DATASET CONTENT:
=== Begin Enclosure ===

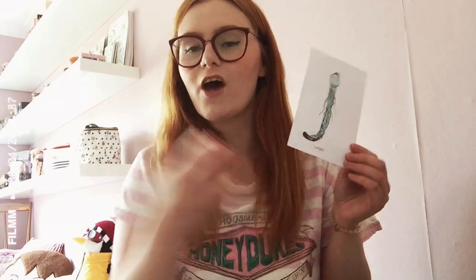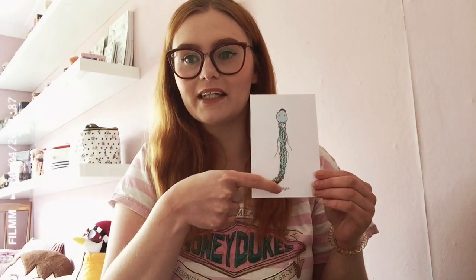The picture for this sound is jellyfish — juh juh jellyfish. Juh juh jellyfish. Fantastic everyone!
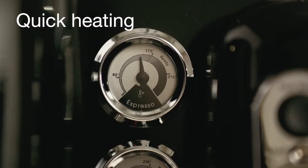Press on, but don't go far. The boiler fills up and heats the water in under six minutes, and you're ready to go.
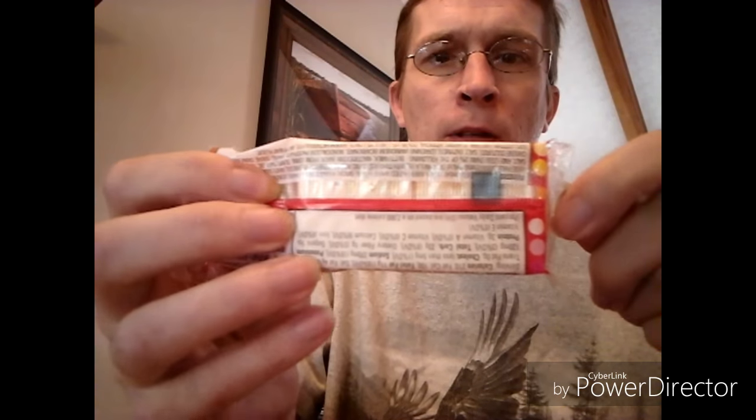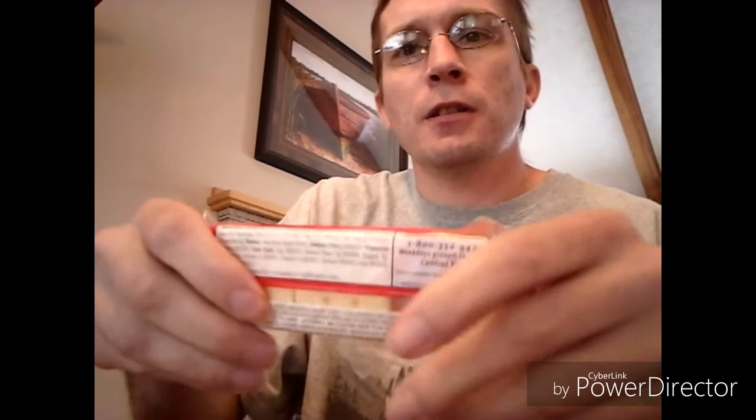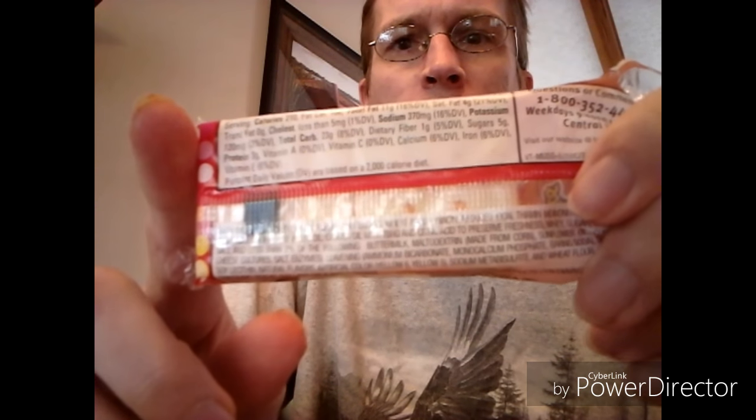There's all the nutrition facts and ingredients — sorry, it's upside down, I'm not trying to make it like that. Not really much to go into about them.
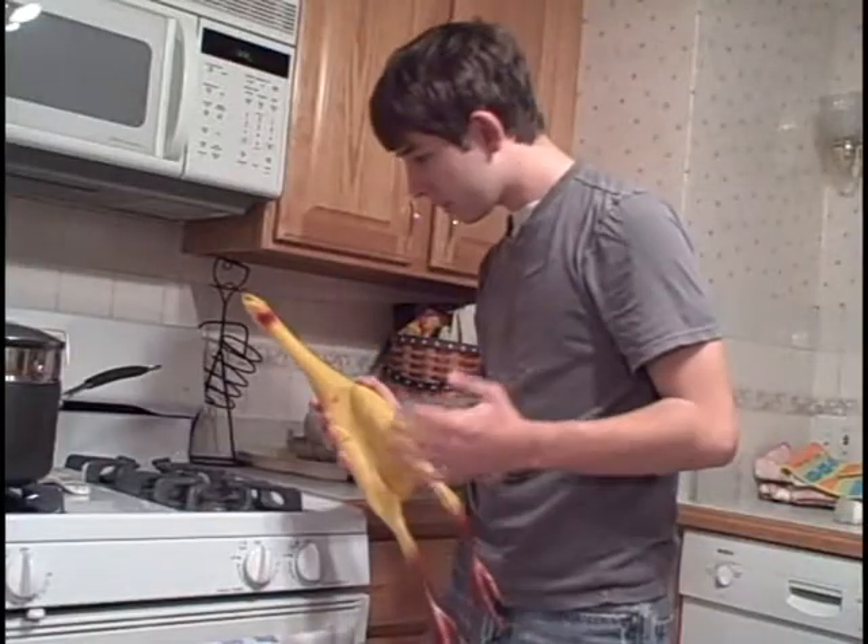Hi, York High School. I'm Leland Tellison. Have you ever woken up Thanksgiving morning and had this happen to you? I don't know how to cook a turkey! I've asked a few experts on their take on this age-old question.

=== End Enclosure ===

ACTIVITY: Leave the pictures out and reproduce exactly the lines from the line with "There's all the" to the end of the material above.

FINISHED EXERCISE:
There's all the nutrition facts and ingredients — sorry, it's upside down, I'm not trying to make it like that. Not really much to go into about them.
Hi, York High School. I'm Leland Tellison. Have you ever woken up Thanksgiving morning and had this happen to you? I don't know how to cook a turkey! I've asked a few experts on their take on this age-old question.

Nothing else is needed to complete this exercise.